TASK MATERIAL Block Start

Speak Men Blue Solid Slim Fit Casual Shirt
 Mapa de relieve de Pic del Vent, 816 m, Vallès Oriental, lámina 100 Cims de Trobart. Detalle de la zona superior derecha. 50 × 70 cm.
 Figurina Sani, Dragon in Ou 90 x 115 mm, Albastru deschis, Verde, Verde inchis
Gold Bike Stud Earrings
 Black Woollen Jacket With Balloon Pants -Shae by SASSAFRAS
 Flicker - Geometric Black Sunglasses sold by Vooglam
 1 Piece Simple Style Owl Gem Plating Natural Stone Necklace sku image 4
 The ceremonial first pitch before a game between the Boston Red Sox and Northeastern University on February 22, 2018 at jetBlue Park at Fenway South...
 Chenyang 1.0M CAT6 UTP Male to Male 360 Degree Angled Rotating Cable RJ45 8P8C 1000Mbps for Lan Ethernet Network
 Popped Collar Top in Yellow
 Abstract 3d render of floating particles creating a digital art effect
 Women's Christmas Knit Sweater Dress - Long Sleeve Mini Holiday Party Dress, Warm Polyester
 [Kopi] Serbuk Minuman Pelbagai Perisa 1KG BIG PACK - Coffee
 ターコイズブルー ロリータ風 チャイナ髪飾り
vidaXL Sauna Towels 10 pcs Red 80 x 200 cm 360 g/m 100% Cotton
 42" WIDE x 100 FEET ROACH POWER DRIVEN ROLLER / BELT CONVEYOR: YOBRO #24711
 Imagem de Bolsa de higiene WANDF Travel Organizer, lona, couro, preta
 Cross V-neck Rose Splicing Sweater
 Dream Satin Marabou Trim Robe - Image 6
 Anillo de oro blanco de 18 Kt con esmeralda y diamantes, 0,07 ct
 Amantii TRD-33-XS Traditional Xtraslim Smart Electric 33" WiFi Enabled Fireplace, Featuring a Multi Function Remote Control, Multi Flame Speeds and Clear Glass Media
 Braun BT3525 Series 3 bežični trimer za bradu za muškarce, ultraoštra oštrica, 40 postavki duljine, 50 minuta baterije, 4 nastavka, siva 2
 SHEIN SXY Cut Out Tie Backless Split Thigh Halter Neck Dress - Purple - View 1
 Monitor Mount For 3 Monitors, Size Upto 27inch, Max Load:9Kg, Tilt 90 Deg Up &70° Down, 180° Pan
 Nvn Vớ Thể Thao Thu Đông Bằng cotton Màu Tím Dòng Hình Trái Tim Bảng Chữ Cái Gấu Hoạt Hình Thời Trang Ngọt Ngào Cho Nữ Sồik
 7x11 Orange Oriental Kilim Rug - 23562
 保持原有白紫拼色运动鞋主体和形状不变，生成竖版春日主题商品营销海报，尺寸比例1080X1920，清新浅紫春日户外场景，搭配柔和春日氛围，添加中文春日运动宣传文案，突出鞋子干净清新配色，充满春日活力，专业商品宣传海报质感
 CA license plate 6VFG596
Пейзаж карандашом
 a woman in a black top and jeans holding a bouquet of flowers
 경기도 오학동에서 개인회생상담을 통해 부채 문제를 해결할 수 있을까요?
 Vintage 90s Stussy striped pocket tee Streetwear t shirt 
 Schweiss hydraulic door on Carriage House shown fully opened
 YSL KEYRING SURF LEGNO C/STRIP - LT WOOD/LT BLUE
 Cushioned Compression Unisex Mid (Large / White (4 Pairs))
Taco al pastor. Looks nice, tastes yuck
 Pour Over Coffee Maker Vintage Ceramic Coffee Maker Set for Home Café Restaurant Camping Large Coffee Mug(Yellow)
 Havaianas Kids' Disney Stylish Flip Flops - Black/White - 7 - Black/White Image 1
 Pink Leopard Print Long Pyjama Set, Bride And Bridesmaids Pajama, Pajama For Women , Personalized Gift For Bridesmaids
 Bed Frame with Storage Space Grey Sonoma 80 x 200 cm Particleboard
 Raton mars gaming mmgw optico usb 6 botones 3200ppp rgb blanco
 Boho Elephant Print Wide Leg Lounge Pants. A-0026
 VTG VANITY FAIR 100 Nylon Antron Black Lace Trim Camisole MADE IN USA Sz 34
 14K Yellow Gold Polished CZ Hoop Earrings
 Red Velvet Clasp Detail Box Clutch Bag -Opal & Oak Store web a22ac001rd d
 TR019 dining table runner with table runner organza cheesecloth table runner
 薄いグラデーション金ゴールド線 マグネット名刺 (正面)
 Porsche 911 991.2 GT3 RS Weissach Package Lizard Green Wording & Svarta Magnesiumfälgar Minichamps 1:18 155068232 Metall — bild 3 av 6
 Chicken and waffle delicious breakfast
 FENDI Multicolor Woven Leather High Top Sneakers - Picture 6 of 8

TASK MATERIAL Block End

- WHAT YOU ARE ASKED TO DO
Taking the lines above, repeat exactly those from the line that contains "Black Woollen Jacket" through the line that contains "SHEIN SXY Cut", and both of those lines as well. Include nothing else.

- SOLUTION TO THE PROBLEM
 Black Woollen Jacket With Balloon Pants -Shae by SASSAFRAS
 Flicker - Geometric Black Sunglasses sold by Vooglam
 1 Piece Simple Style Owl Gem Plating Natural Stone Necklace sku image 4
 The ceremonial first pitch before a game between the Boston Red Sox and Northeastern University on February 22, 2018 at jetBlue Park at Fenway South...
 Chenyang 1.0M CAT6 UTP Male to Male 360 Degree Angled Rotating Cable RJ45 8P8C 1000Mbps for Lan Ethernet Network
 Popped Collar Top in Yellow
 Abstract 3d render of floating particles creating a digital art effect
 Women's Christmas Knit Sweater Dress - Long Sleeve Mini Holiday Party Dress, Warm Polyester
 [Kopi] Serbuk Minuman Pelbagai Perisa 1KG BIG PACK - Coffee
 ターコイズブルー ロリータ風 チャイナ髪飾り
vidaXL Sauna Towels 10 pcs Red 80 x 200 cm 360 g/m 100% Cotton
 42" WIDE x 100 FEET ROACH POWER DRIVEN ROLLER / BELT CONVEYOR: YOBRO #24711
 Imagem de Bolsa de higiene WANDF Travel Organizer, lona, couro, preta
 Cross V-neck Rose Splicing Sweater
 Dream Satin Marabou Trim Robe - Image 6
 Anillo de oro blanco de 18 Kt con esmeralda y diamantes, 0,07 ct
 Amantii TRD-33-XS Traditional Xtraslim Smart Electric 33" WiFi Enabled Fireplace, Featuring a Multi Function Remote Control, Multi Flame Speeds and Clear Glass Media
 Braun BT3525 Series 3 bežični trimer za bradu za muškarce, ultraoštra oštrica, 40 postavki duljine, 50 minuta baterije, 4 nastavka, siva 2
 SHEIN SXY Cut Out Tie Backless Split Thigh Halter Neck Dress - Purple - View 1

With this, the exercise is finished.